It’s the same here: areas of the (virtual) address space are mapped to physical components. To give you a real-world example, here’s the NES’s address space:

address space diagram, showing WRAM, PPU & APU registers, cartridge RAM and ROM

How to read: addresses from 0 to 800 (hexadecimal) are mapped to WRAM (work RAM), from 2000 to 2008 to the PPU (graphics card) control registers, from 4000 to 4018 to the APU (sound card), I trust you can take it from there. This is called MMIO (memory-mapped input/output).

The big advantage of this approach, for me, is really its simplicity, CPU-wise: it’s just memory! Take the address of the device’s area, read, write, it’s really simple. It also makes things easier software-wise: you don’t have to write inline assembly to call special instructions; as long as you can read and write from pointers, you’re good to go.

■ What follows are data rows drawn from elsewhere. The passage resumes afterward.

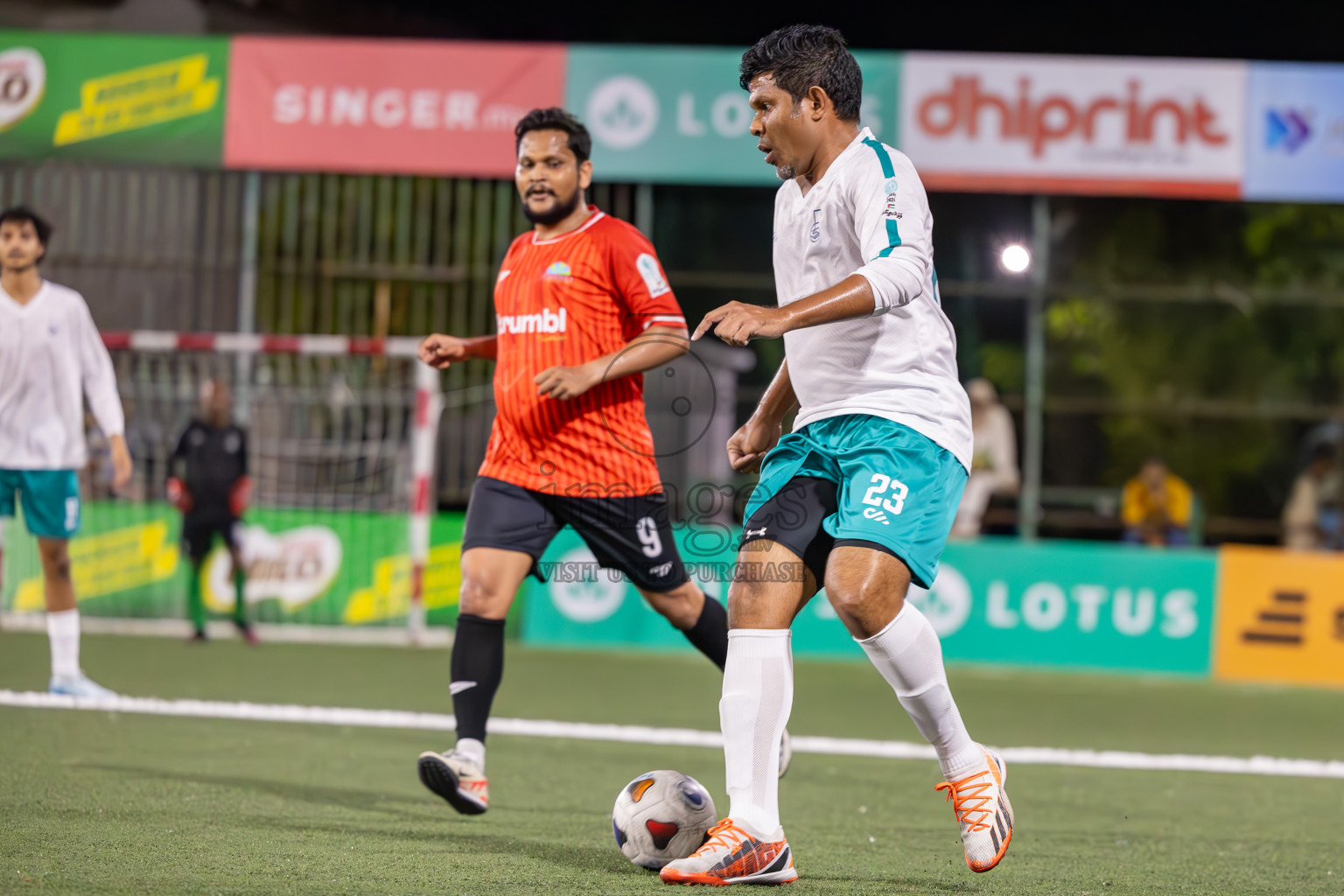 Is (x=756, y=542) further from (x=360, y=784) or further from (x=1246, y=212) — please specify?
(x=1246, y=212)

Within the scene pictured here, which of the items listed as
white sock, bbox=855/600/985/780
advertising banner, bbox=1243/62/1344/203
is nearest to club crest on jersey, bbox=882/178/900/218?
white sock, bbox=855/600/985/780

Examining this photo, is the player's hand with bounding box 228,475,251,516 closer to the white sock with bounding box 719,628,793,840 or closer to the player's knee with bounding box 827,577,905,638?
the white sock with bounding box 719,628,793,840

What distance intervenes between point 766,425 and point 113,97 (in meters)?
10.6

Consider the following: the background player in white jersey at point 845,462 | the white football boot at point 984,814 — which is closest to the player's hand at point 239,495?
the background player in white jersey at point 845,462

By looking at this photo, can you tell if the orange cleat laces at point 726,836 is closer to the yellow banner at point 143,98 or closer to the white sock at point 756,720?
the white sock at point 756,720

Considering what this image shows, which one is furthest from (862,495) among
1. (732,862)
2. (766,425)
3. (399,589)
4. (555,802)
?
(399,589)

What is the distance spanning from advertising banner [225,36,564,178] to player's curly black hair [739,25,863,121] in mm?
9242

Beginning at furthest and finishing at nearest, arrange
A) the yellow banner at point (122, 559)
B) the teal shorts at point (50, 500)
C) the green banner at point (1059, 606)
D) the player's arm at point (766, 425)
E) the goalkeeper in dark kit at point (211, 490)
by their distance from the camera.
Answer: the yellow banner at point (122, 559) → the goalkeeper in dark kit at point (211, 490) → the green banner at point (1059, 606) → the teal shorts at point (50, 500) → the player's arm at point (766, 425)

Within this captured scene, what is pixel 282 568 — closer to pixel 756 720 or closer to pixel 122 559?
pixel 122 559

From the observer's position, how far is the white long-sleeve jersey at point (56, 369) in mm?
7270

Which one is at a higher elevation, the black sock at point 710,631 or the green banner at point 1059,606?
the black sock at point 710,631

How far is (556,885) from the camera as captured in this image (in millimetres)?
3715

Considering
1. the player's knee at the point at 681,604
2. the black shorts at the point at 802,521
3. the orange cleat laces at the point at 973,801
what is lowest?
the orange cleat laces at the point at 973,801

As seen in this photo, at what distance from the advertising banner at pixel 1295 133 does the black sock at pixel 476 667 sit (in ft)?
32.6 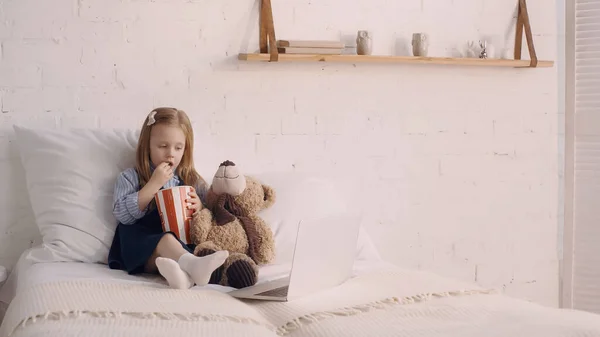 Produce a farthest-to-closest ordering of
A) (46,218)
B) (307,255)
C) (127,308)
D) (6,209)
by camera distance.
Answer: (6,209) → (46,218) → (307,255) → (127,308)

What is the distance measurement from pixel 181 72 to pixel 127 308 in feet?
3.99

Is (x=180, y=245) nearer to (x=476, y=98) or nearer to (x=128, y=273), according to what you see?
(x=128, y=273)

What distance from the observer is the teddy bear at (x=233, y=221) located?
240cm

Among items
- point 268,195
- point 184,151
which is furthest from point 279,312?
point 184,151

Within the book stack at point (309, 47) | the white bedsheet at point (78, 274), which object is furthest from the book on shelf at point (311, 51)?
the white bedsheet at point (78, 274)

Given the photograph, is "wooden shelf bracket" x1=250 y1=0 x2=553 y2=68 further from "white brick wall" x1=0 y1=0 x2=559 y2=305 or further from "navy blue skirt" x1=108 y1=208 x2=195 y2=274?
"navy blue skirt" x1=108 y1=208 x2=195 y2=274

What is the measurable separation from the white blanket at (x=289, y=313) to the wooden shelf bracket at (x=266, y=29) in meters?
1.08

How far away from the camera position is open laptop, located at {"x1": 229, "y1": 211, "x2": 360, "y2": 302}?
6.53ft

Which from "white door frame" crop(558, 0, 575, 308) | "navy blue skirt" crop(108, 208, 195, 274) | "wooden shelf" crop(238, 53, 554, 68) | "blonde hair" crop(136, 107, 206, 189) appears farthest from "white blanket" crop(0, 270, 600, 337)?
"white door frame" crop(558, 0, 575, 308)

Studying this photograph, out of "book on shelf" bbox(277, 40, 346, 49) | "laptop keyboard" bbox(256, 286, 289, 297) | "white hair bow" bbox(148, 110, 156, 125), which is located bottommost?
"laptop keyboard" bbox(256, 286, 289, 297)

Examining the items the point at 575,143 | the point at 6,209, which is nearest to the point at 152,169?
the point at 6,209

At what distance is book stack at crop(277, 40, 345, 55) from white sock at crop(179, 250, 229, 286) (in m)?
1.00

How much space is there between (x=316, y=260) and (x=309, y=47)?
1063 mm

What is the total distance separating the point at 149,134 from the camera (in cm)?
255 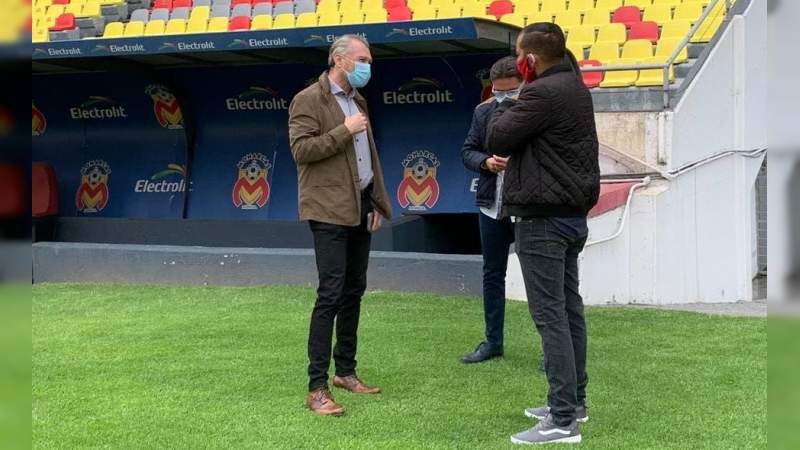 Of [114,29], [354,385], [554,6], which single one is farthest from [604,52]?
[114,29]

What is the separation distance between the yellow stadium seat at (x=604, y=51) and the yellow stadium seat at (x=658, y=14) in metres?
0.95

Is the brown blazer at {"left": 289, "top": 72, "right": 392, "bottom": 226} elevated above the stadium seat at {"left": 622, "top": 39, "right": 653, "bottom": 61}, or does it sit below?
below

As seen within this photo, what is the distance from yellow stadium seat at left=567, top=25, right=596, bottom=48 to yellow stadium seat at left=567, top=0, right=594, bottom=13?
0.69m

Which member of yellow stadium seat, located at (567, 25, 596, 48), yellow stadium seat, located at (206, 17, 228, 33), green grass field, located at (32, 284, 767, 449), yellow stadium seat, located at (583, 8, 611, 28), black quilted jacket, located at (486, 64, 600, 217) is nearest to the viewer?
black quilted jacket, located at (486, 64, 600, 217)

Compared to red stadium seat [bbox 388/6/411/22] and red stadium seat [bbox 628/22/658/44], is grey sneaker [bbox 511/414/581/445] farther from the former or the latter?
red stadium seat [bbox 388/6/411/22]

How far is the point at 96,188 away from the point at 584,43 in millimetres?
6810

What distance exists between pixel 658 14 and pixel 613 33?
0.75 meters

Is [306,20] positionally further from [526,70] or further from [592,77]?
[526,70]

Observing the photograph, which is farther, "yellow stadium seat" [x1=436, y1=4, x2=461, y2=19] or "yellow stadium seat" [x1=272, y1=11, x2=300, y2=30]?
"yellow stadium seat" [x1=272, y1=11, x2=300, y2=30]

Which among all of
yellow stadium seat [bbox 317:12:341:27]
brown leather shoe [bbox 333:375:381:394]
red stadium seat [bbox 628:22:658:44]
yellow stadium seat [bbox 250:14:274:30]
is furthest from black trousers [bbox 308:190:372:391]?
yellow stadium seat [bbox 250:14:274:30]

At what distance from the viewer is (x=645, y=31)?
10.3m

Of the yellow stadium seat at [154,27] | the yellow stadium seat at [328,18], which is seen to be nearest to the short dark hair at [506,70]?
the yellow stadium seat at [328,18]

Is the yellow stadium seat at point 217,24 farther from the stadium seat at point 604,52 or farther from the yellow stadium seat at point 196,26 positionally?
the stadium seat at point 604,52

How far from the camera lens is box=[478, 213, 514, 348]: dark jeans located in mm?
5801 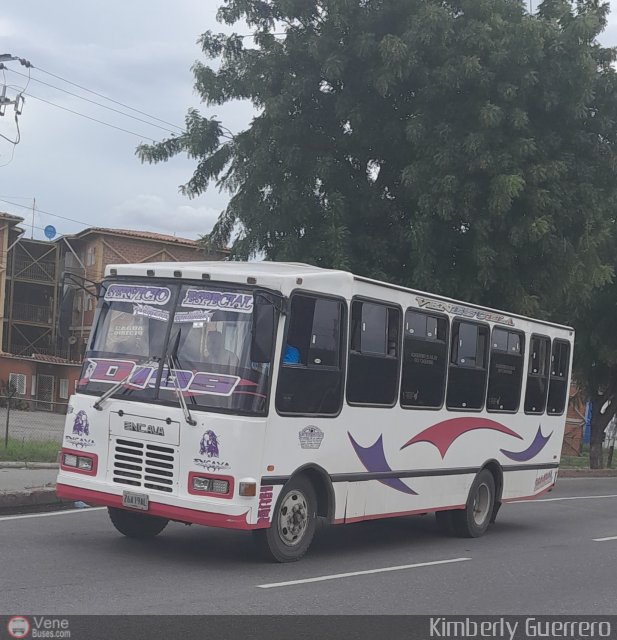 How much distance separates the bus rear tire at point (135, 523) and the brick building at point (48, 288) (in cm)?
3847

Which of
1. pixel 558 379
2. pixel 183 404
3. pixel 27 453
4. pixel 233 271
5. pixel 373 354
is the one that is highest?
pixel 233 271

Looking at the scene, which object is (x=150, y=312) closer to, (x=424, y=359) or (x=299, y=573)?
(x=299, y=573)

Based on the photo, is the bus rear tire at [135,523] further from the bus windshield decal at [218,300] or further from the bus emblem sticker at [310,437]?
the bus windshield decal at [218,300]

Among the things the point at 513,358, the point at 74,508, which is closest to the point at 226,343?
the point at 74,508

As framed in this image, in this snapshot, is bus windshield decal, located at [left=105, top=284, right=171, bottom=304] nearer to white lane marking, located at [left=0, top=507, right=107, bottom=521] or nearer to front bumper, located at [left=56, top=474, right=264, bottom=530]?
front bumper, located at [left=56, top=474, right=264, bottom=530]

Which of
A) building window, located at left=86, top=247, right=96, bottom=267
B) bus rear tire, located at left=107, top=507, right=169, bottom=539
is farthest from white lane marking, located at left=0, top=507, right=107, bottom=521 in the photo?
building window, located at left=86, top=247, right=96, bottom=267

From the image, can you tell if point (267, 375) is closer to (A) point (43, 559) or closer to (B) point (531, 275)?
(A) point (43, 559)

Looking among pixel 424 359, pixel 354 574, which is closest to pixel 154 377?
pixel 354 574

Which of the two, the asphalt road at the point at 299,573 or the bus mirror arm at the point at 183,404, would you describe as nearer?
the asphalt road at the point at 299,573

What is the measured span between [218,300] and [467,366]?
4.32 meters

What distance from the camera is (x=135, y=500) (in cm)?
895

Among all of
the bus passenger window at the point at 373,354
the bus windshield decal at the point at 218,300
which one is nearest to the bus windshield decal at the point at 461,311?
the bus passenger window at the point at 373,354

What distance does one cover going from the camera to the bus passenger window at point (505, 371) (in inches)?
509

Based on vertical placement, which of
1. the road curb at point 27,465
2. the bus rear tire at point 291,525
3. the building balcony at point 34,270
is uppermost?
the building balcony at point 34,270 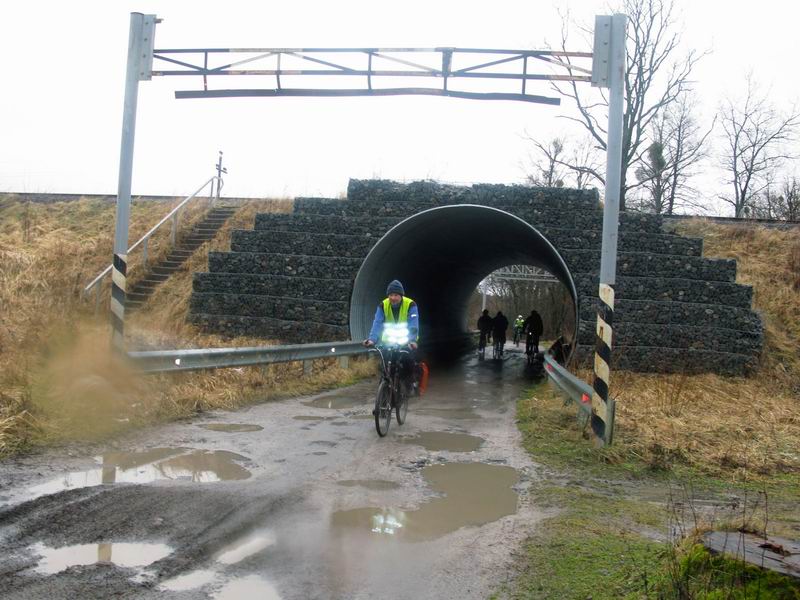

In addition to this, memory mapping can also be used to provide access to different memory chips (e.g. ROM and RAM). Here’s what it looks like for my circuit:

FFFFFF00 - FFFFFFFFMMIO controller00100000 - 001FFFFFRAM00000000 - 0000FFFFROM01000000 - 010FFFFFVideo displayMemory mapperWriteRead

Notice the arrows on each side of the edges between the components and the mapper; they indicate whether the component is read-only, read/write or write-only.


The CPU

It’s simple, really. I mean, compared to real CPUs.

As in real Thumb, there are sixteen 32-bit registers, numbered r0 through r15. The last three have nicknames: r13 is sp (stack pointer), r14 is lr (link register) and r15 is pc (program counter).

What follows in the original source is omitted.